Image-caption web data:
▶
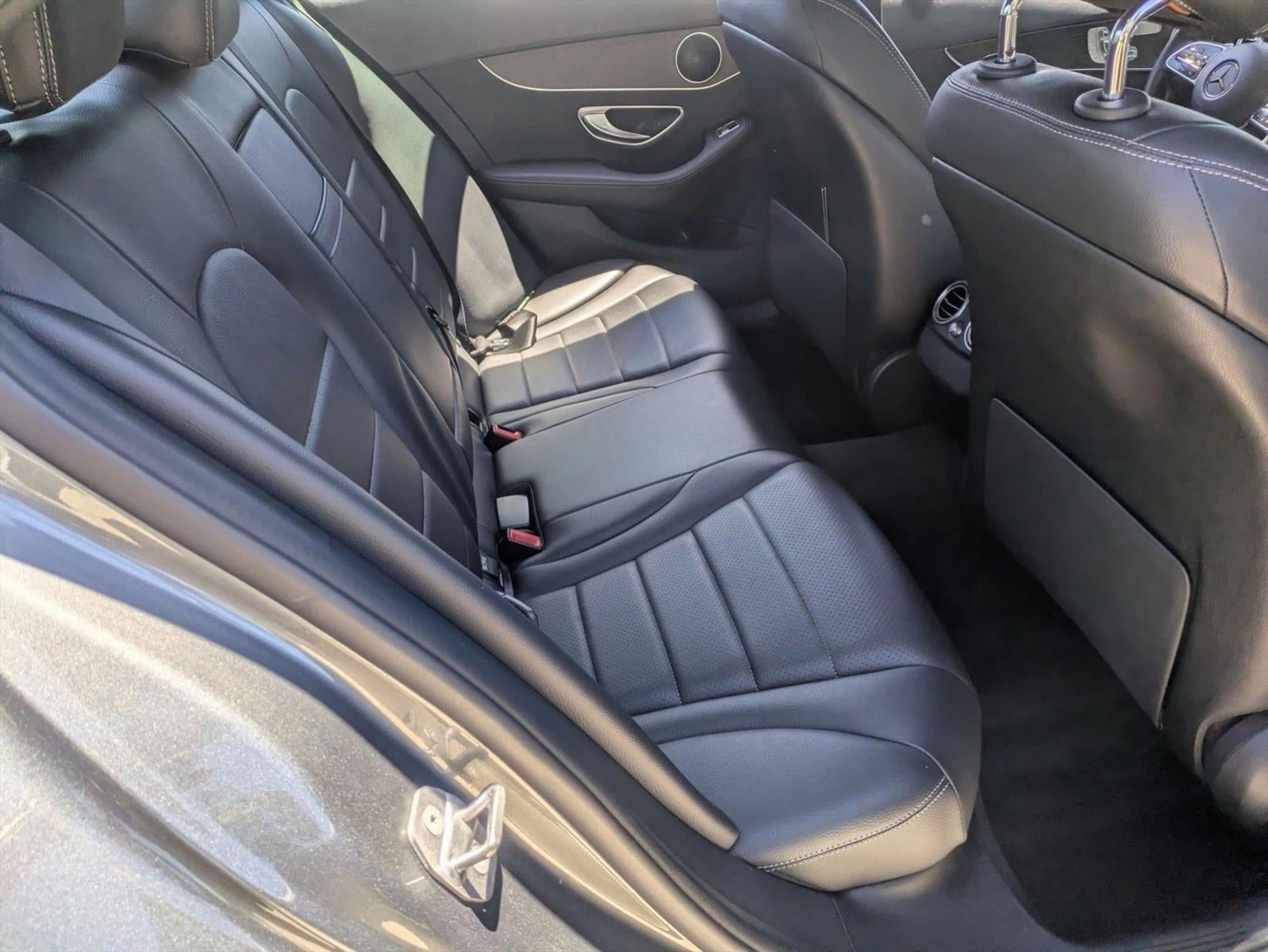 2019 Mercedes-Benz C-Class C 300 4MATIC® Sedan
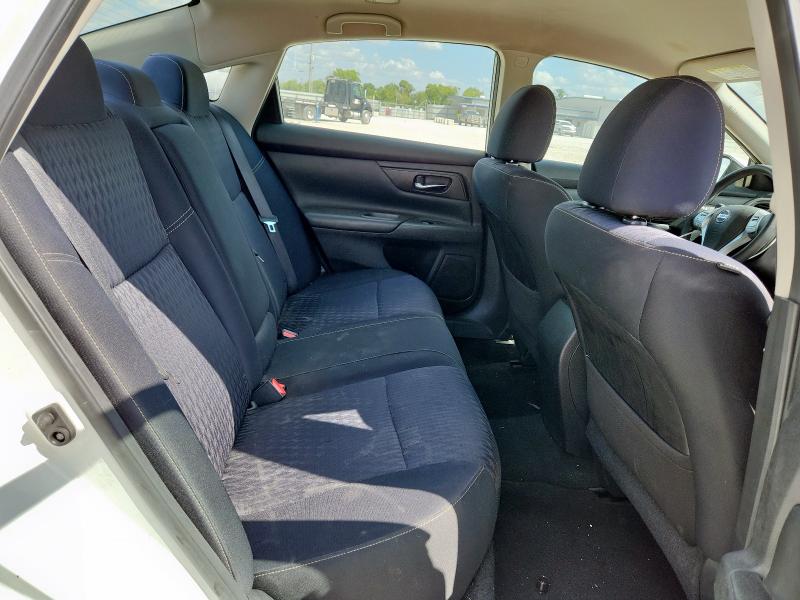 1N4AL3AP8HC265130 - 2017 NISSAN ALTIMA 2.5 白色 照片 10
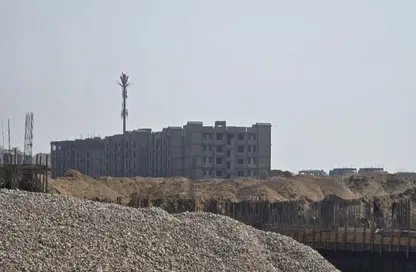 Apartment - 2 Bedrooms - 2 Bathrooms for sale in Garden Residence - Hyde Park - New Cairo City - Cairo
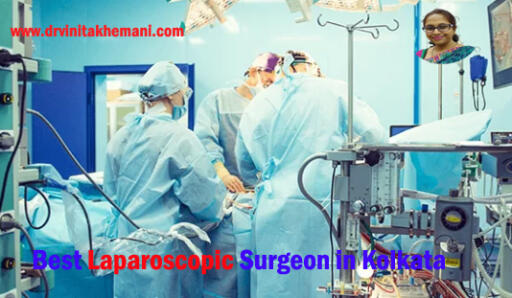 Laparoscopic surgery has been used in gynecology practices for years. Dr. Vinita Khemani is a highly renowned laparoscopic surgeon in Kolkata. Know more https://www.drvinitakhemani.com/treatment/advanced-laparoscopic-procedures/
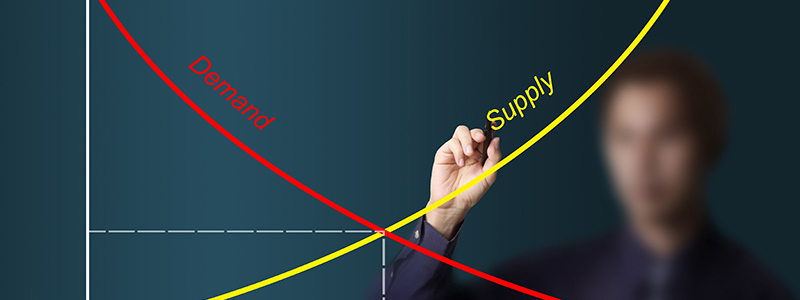 Trading Academy teaches trading strategies using supply and demand.
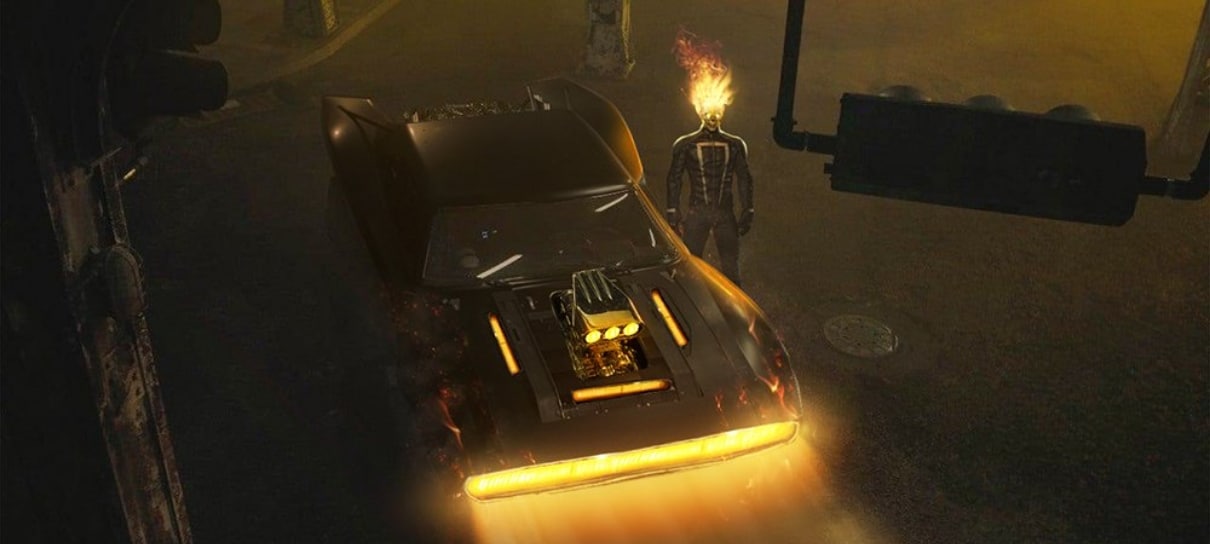 Bosslogic imagina o novo batmóvel de vários jeitos e com diferentes personagens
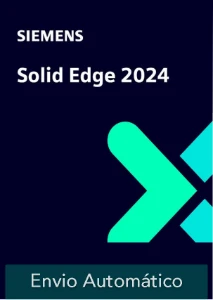 Solid Edge 2023 | Vitalício - Softwares e Licenças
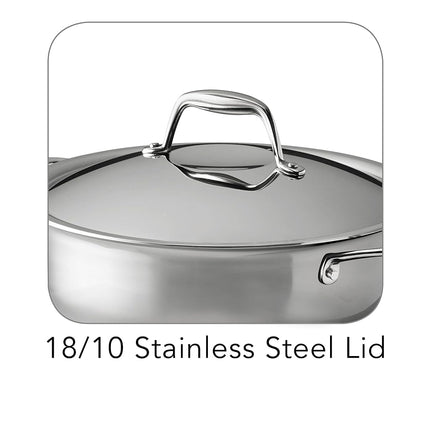 Tramontina Seattle 80116/068DS Universal Pan Stainless Steel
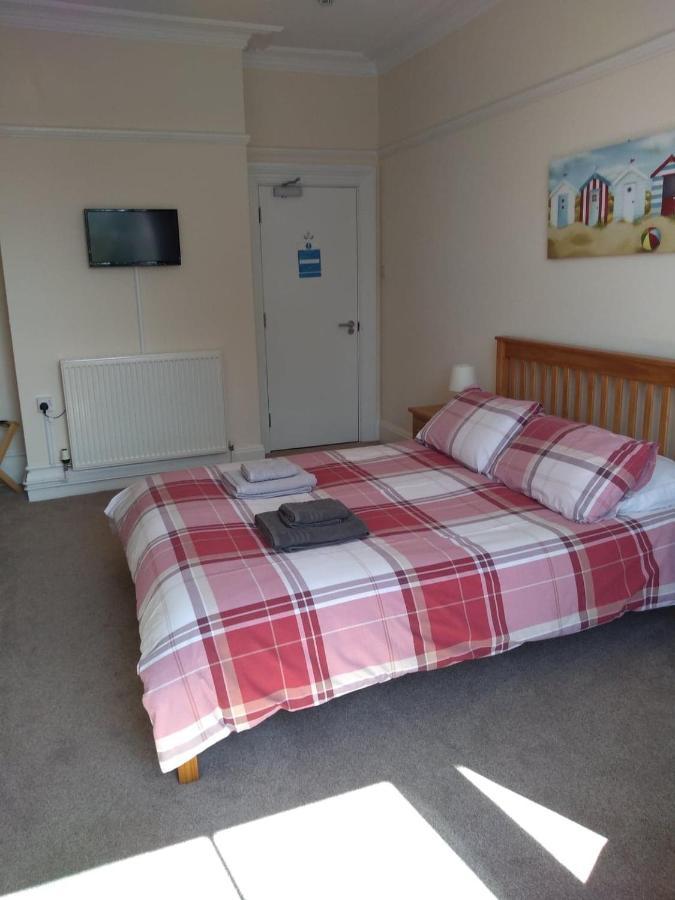 Tirionfa Guest House Criccieth Exterior foto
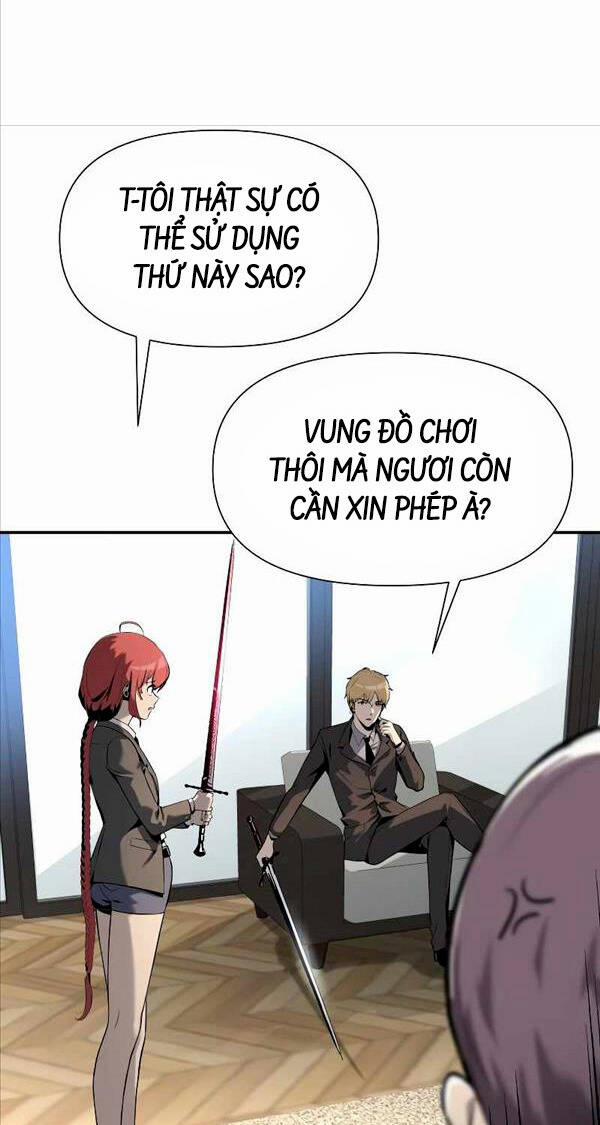 Vua Hiệp Sĩ Đã Trở Lại Với Một Vị Thần 8 trang 38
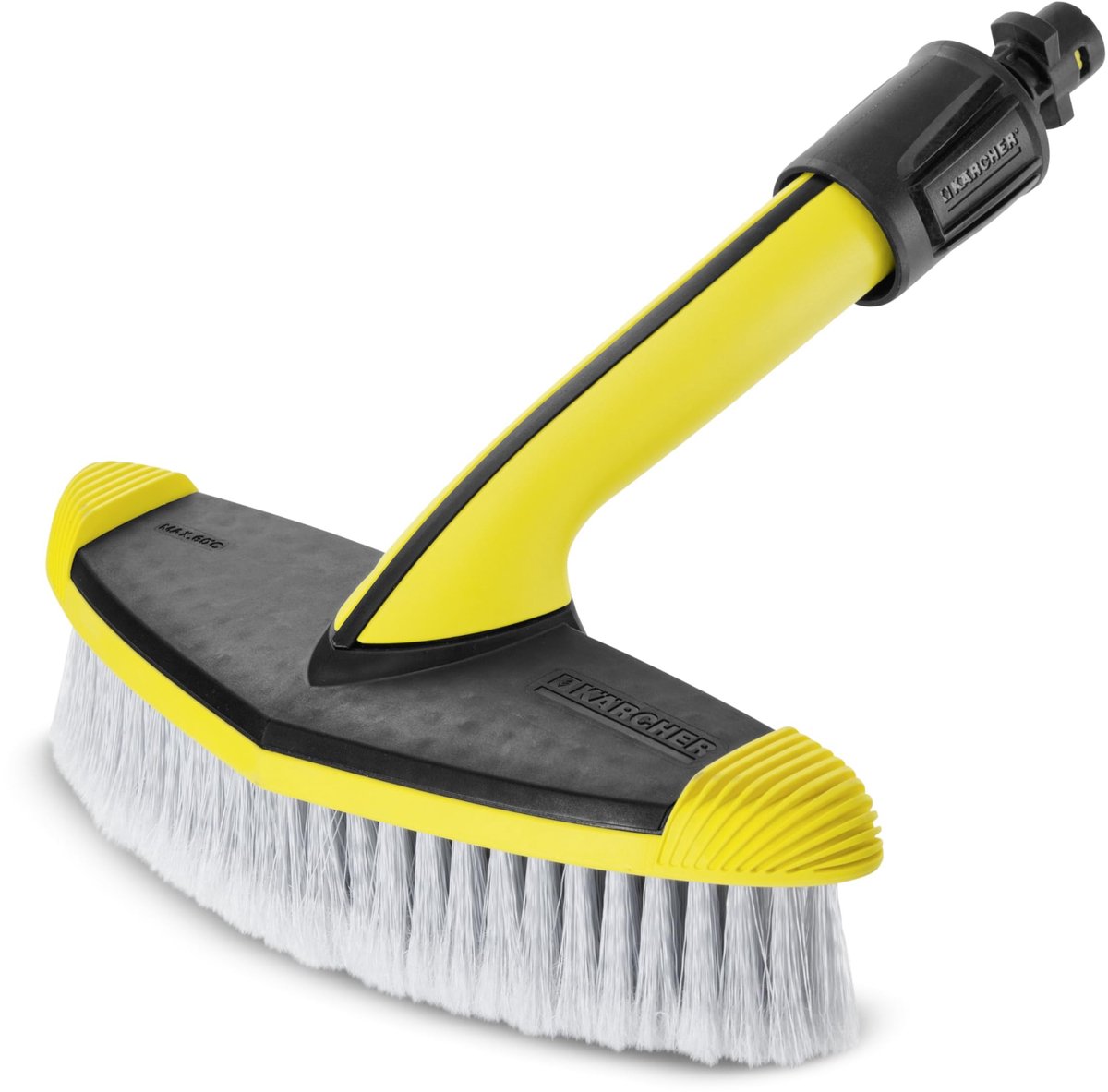 Omgoods - Zachte Wasborstel voor Hogedrukreinigers, Werkbreedte 248 mm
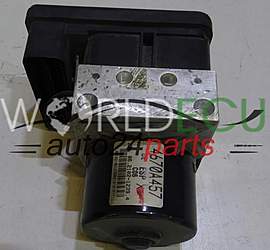 ABS POMPA CENTRALINA CITROEN PEUGEOT 4670A457, 06.2109-5531.3, 06210955313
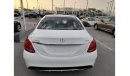 Mercedes-Benz C200 Std ercedes-Benz C 200 - GCC - 2015 model, very clean inside and out, 85000 km run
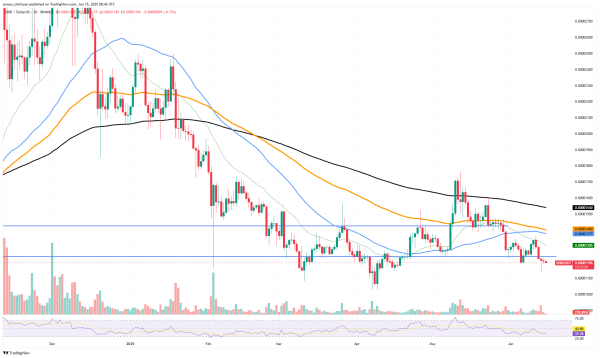 1,600% Shiba Inu (SHIB) Implosion: Here's What Happened
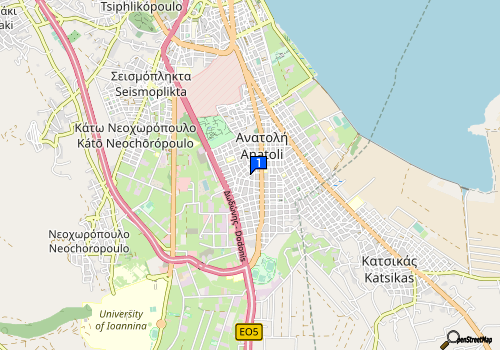 company map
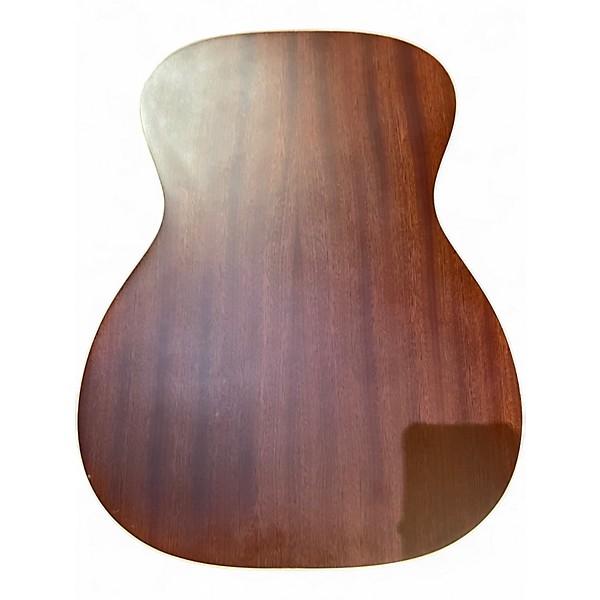 Used Fender Tim Armstrong Hellcat Natural Acoustic Electric Guitar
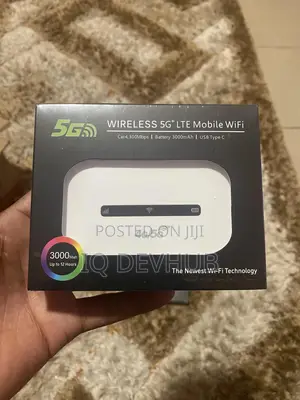 5g Universal Mobile Wifi (Mifi)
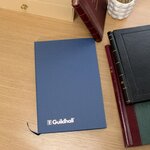 Livre caisse S51 4Deb /16 Credit EXACOMPTA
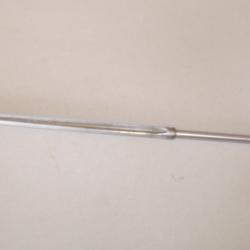 tige piston emprunt de gaz
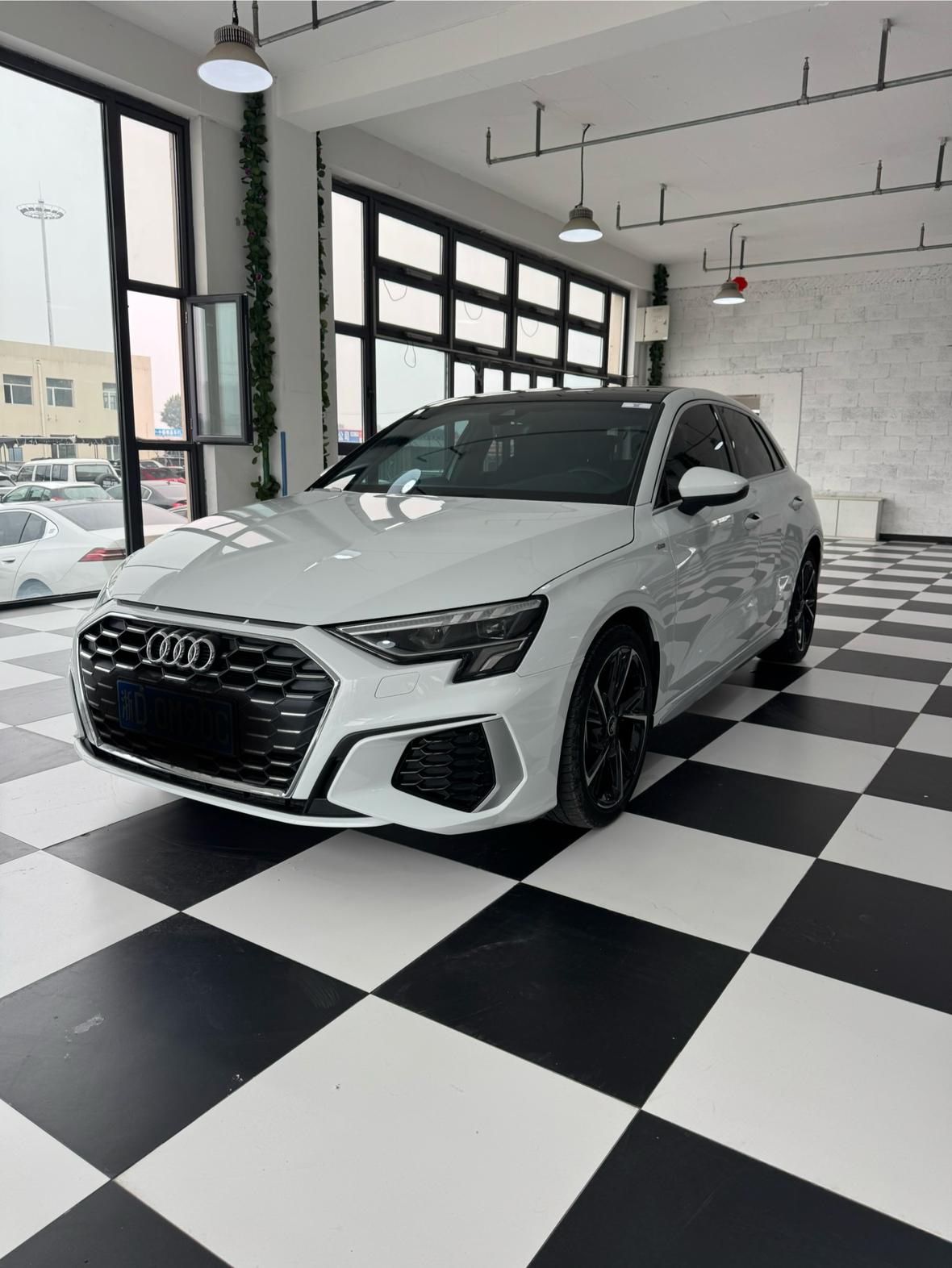 Audi Audi A3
◀
* WORK INSTRUCTIONS:
A faithful copy is needed of the lines from the one containing "Solid Edge 2023" through the last line of the data above, with pictures left out.

* ANSWER FOR THIS EXERCISE:
 Solid Edge 2023 | Vitalício - Softwares e Licenças
 Tramontina Seattle 80116/068DS Universal Pan Stainless Steel
 Tirionfa Guest House Criccieth Exterior foto
 Vua Hiệp Sĩ Đã Trở Lại Với Một Vị Thần 8 trang 38
 Omgoods - Zachte Wasborstel voor Hogedrukreinigers, Werkbreedte 248 mm
 ABS POMPA CENTRALINA CITROEN PEUGEOT 4670A457, 06.2109-5531.3, 06210955313
 Mercedes-Benz C200 Std ercedes-Benz C 200 - GCC - 2015 model, very clean inside and out, 85000 km run
 1,600% Shiba Inu (SHIB) Implosion: Here's What Happened
 company map
 Used Fender Tim Armstrong Hellcat Natural Acoustic Electric Guitar
 5g Universal Mobile Wifi (Mifi)
 Livre caisse S51 4Deb /16 Credit EXACOMPTA
 tige piston emprunt de gaz
 Audi Audi A3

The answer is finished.